_BRIEF_: In the listing below, locate the line that contains "La Terrazza sul Castello di Torniella" and the line that contains "Middletown, PA, USA". Restate word for word those two lines and every line between them, and nothing else.

[[ INPUT DATA, beginning ]]

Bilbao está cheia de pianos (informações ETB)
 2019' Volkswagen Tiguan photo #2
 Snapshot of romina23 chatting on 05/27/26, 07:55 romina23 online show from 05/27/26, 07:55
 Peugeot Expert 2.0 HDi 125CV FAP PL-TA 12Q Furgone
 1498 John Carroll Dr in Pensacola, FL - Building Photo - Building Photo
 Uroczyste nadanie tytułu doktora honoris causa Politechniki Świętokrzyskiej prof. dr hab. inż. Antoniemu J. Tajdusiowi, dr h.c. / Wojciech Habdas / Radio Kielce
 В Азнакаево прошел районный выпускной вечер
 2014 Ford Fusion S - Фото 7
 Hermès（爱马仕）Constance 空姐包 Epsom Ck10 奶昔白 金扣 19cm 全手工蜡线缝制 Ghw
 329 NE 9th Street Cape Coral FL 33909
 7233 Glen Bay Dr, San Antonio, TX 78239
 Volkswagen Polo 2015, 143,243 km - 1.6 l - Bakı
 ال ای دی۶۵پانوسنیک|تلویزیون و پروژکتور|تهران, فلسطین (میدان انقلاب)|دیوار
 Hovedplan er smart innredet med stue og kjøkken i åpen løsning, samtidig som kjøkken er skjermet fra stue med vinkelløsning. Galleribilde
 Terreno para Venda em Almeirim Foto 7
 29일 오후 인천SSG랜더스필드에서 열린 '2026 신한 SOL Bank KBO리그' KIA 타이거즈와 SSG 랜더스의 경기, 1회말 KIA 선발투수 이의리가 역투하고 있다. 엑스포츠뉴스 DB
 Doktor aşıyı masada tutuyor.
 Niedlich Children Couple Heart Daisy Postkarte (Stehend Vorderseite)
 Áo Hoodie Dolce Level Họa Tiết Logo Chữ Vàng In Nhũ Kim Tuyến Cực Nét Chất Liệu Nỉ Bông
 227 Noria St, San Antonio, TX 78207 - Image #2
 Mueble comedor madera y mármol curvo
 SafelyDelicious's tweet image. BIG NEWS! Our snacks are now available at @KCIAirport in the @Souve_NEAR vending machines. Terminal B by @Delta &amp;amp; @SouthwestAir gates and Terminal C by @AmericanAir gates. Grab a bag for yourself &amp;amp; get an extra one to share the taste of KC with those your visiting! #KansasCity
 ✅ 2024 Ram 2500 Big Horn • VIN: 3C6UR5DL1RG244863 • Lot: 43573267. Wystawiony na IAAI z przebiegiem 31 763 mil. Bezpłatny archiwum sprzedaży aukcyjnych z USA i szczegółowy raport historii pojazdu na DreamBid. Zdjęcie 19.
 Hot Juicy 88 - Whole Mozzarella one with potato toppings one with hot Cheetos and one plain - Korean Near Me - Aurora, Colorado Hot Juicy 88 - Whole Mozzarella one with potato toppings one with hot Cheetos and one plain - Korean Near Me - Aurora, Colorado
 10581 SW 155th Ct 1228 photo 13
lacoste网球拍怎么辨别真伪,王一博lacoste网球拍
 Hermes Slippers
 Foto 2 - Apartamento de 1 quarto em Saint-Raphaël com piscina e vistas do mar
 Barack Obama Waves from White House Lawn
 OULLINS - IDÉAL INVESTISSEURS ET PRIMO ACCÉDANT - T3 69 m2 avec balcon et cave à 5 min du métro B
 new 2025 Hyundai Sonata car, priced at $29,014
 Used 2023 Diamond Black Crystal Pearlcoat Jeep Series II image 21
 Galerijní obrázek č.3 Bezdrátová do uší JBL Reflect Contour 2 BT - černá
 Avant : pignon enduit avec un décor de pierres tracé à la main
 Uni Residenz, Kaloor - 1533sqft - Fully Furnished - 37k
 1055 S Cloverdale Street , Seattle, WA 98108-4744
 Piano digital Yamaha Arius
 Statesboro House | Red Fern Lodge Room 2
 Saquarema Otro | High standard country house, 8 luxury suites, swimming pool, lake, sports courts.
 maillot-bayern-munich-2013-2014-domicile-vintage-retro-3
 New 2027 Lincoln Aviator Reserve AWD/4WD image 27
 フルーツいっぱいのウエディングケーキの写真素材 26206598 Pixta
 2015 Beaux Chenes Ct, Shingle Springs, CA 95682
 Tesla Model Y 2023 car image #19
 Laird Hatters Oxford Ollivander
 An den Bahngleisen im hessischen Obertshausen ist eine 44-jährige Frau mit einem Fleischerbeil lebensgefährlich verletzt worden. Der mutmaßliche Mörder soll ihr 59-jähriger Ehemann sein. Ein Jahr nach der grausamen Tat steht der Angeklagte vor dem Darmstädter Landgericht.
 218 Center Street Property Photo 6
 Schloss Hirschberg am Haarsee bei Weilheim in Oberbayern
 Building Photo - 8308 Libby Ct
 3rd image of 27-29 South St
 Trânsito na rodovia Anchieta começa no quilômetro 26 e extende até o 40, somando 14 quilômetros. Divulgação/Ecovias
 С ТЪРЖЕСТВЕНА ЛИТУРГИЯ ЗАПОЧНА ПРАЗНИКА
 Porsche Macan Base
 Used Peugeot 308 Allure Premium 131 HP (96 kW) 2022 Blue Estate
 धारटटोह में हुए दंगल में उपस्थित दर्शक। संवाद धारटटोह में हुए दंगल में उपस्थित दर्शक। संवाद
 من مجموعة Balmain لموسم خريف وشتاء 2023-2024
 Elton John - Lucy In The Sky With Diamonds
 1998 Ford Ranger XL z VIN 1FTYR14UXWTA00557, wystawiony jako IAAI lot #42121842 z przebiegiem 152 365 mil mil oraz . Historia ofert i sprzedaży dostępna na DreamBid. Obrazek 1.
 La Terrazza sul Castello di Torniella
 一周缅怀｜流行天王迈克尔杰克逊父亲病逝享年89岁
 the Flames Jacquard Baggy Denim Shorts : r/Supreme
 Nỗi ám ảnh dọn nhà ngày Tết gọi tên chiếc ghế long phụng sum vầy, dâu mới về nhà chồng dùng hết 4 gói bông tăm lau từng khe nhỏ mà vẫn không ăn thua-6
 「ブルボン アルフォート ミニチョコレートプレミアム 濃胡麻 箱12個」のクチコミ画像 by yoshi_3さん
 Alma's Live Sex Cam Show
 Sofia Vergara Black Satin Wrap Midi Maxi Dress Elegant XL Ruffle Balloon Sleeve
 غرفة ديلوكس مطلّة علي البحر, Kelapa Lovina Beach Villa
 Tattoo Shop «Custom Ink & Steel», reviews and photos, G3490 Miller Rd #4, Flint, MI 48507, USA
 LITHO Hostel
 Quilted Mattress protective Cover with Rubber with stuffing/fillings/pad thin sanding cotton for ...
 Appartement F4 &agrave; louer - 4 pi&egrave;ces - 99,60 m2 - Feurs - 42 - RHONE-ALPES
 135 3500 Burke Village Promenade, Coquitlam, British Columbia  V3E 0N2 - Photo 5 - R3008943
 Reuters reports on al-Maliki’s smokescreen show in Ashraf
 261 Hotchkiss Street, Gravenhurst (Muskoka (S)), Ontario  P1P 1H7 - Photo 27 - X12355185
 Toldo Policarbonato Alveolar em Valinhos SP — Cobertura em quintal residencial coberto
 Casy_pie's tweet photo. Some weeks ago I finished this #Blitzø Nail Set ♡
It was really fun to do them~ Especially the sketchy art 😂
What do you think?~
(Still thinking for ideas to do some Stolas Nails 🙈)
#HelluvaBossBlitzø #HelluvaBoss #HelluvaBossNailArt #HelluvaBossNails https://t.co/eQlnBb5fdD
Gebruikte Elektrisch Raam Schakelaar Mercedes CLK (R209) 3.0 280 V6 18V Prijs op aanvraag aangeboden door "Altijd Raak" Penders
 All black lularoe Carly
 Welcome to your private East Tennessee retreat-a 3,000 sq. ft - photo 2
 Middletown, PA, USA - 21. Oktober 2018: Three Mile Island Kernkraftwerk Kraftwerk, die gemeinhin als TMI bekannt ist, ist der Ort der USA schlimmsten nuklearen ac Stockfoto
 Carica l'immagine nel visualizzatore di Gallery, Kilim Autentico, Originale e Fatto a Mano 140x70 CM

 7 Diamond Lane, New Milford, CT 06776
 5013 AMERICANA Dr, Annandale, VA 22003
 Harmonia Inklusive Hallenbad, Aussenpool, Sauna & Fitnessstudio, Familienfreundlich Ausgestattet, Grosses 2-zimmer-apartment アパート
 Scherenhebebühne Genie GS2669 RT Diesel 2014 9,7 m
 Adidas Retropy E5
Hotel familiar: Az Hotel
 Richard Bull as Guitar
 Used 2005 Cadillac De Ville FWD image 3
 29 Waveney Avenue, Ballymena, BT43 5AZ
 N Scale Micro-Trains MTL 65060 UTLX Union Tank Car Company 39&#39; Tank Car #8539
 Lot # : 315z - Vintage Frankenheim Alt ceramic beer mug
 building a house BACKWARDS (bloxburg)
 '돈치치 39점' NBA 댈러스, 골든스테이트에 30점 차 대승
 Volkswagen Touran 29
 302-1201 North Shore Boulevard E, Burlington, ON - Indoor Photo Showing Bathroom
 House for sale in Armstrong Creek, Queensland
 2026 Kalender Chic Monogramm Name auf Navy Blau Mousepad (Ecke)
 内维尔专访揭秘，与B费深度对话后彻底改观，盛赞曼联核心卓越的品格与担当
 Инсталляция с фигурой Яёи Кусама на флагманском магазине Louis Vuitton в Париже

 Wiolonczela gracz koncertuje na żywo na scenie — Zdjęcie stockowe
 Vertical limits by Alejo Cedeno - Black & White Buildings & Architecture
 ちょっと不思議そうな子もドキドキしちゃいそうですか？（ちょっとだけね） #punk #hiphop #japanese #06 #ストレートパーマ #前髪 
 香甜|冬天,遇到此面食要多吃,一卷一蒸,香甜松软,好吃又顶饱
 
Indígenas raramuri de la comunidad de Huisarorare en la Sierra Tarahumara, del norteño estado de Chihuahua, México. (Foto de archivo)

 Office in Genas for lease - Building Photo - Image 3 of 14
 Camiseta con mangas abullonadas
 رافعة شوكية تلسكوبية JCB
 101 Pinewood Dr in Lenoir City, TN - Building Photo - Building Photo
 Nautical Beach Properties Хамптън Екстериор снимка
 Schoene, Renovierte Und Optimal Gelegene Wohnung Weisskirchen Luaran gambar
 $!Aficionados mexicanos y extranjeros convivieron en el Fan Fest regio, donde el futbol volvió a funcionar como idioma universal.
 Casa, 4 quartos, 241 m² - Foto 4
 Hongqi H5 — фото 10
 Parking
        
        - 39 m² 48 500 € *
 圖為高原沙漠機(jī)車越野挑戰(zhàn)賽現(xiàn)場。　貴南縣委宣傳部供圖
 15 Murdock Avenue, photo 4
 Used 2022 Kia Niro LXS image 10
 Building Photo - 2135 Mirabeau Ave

[[ INPUT DATA, end ]]

_RESULT FOR THIS TASK_:
 La Terrazza sul Castello di Torniella
 一周缅怀｜流行天王迈克尔杰克逊父亲病逝享年89岁
 the Flames Jacquard Baggy Denim Shorts : r/Supreme
 Nỗi ám ảnh dọn nhà ngày Tết gọi tên chiếc ghế long phụng sum vầy, dâu mới về nhà chồng dùng hết 4 gói bông tăm lau từng khe nhỏ mà vẫn không ăn thua-6
 「ブルボン アルフォート ミニチョコレートプレミアム 濃胡麻 箱12個」のクチコミ画像 by yoshi_3さん
 Alma's Live Sex Cam Show
 Sofia Vergara Black Satin Wrap Midi Maxi Dress Elegant XL Ruffle Balloon Sleeve
 غرفة ديلوكس مطلّة علي البحر, Kelapa Lovina Beach Villa
 Tattoo Shop «Custom Ink & Steel», reviews and photos, G3490 Miller Rd #4, Flint, MI 48507, USA
 LITHO Hostel
 Quilted Mattress protective Cover with Rubber with stuffing/fillings/pad thin sanding cotton for ...
 Appartement F4 &agrave; louer - 4 pi&egrave;ces - 99,60 m2 - Feurs - 42 - RHONE-ALPES
 135 3500 Burke Village Promenade, Coquitlam, British Columbia  V3E 0N2 - Photo 5 - R3008943
 Reuters reports on al-Maliki’s smokescreen show in Ashraf
 261 Hotchkiss Street, Gravenhurst (Muskoka (S)), Ontario  P1P 1H7 - Photo 27 - X12355185
 Toldo Policarbonato Alveolar em Valinhos SP — Cobertura em quintal residencial coberto
 Casy_pie's tweet photo. Some weeks ago I finished this #Blitzø Nail Set ♡
It was really fun to do them~ Especially the sketchy art 😂
What do you think?~
(Still thinking for ideas to do some Stolas Nails 🙈)
#HelluvaBossBlitzø #HelluvaBoss #HelluvaBossNailArt #HelluvaBossNails https://t.co/eQlnBb5fdD
Gebruikte Elektrisch Raam Schakelaar Mercedes CLK (R209) 3.0 280 V6 18V Prijs op aanvraag aangeboden door "Altijd Raak" Penders
 All black lularoe Carly
 Welcome to your private East Tennessee retreat-a 3,000 sq. ft - photo 2
 Middletown, PA, USA - 21. Oktober 2018: Three Mile Island Kernkraftwerk Kraftwerk, die gemeinhin als TMI bekannt ist, ist der Ort der USA schlimmsten nuklearen ac Stockfoto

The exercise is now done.